There is no getting away from the young factor. Hurtado is 23-years-old, Salgado just turned 21 yesterday and Manneh is 19. Even the injured Caleb Clarke is only 21. Darren Mattocks is an old man by comparison at 24. That may explain his wayward shooting, his eyesight is going.
However, if we take another quick look, this time at the MLS goalscoring charts, you see that blaming their lack of ability to finish on their youth is utter nonsense.
If you look at the top five goalscorers in MLS right now you’ll find Dom Dwyer (24 years old and 18 goals), Gyasi Zardes (23-years-old and 15 goals) and Erick Torres (23-years-old and 14 goals). All of them have more individual goals than the Whitecaps striking quartet combined.
Despite their woeful time and wasteful moments, Carl Robinson still has faith in his strikers, at least publically. Let’s be honest though, he doesn’t have any choice or any alternative but to back them. There is no-one else right now and just four days left to change that scenario before the roster freeze.
"They've shown that they are, in bursts," Robinson said at training this week when asked if they were MLS quality and up for the job. "On a consistent basis? That's the big question with any player within this league, especially young players, so that's the challenge we're having. They're trying their hardest at the moment bit things aren't going."

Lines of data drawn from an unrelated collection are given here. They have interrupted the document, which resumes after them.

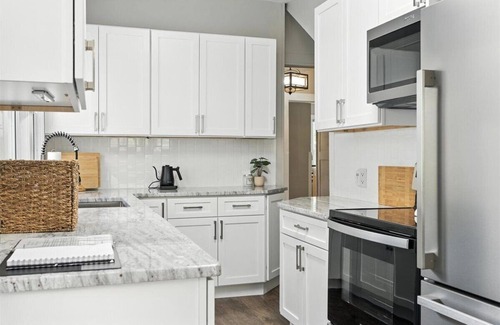 Dayton Casa | Spacious, Southern Charm! 4-bedroom house in Dayton that accommodates 11 guests!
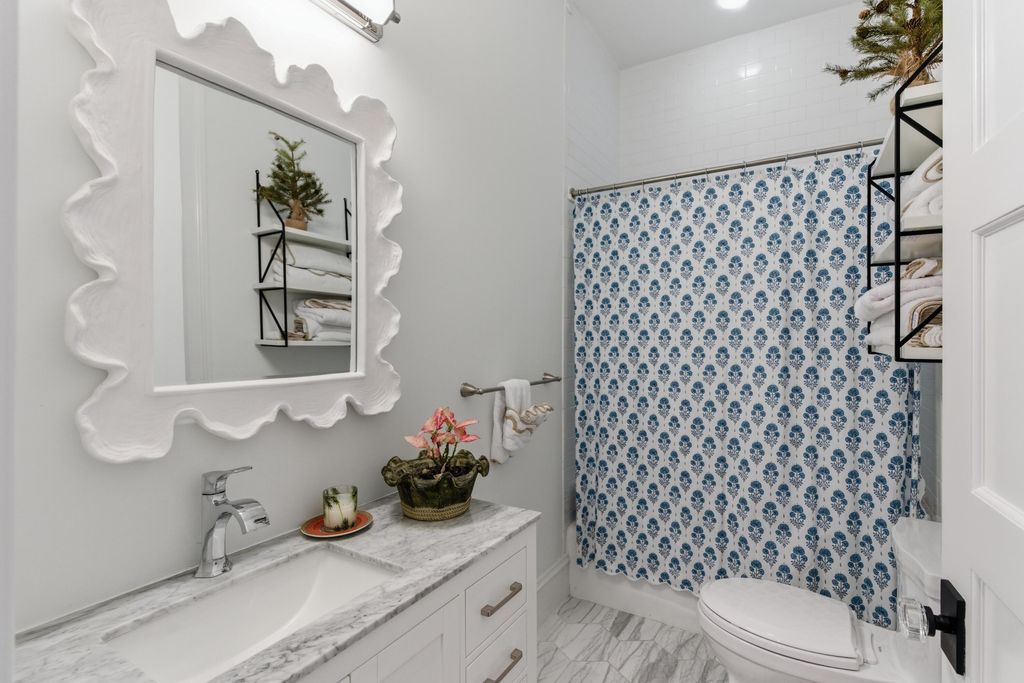 Image 47 of property listing at 121 Jakes Lane, Mount Pleasant, SC 29464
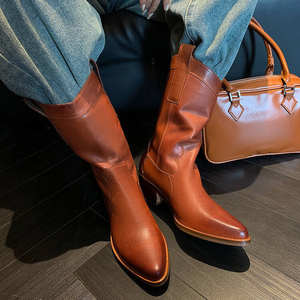 Botín Western de Mujer 2026 Personalizado de Mezclilla Auténtica con Tacón de Cuero Clásico de 5cm para Pierna Delgada - Product Image 3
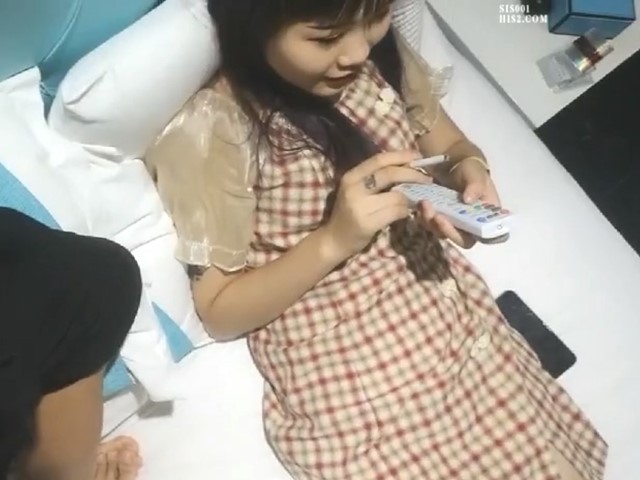 女神级好身材妹子躺在床上白白嫩嫩大长腿�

The questions keep coming though and they will continue to keep coming as the season progresses and the goals don’t come. It was the first question asked again last night after the win over San Jose.
"My young boys are very, very good", Robinson responded at his postgame presser. "I’ve got a hundred percent faith in them, as I say to you every week. We won the game today, whether they scored or not. It’s not about any individual. What pleased me the most was a team performance today."
That was a great part of the San Jose win. For the first time in a long time, the Caps played like a cohesive unit, and Sebastian Fernandez worked hard and put in one hell of a shift up front. Without scoring, obviously.
But as Andy O’Brien said a few weeks ago, if scorers don’t score then they will end up getting replaced. It is the nature of the business. That in itself must play in the minds of all of these young strikers at the Caps right now. That’s why they sometimes try too hard, look for the shot when the pass was the better option. Do they feel the pressure? Do they read the clamour of people looking for trades and new additions?
"I don't look at that at all," Erik Hurtado told AFTN. "That's negative thinking, negative talk. I don't like having that in my life and I know that the team doesn't like having that in the locker room.
"We've just got to be positive. People can say what they want to say. Bring in new strikers, bring in new players, but at the end of the day, our job is to create chances and to try and score, and whether people are saying it or people aren't saying it, we know that's our job. It's not added pressure when people start talking because we're soccer players, we've been playing it our whole lives, and we know what our job requires."
Like the job of a baker, the proof of the pudding will be in the eating.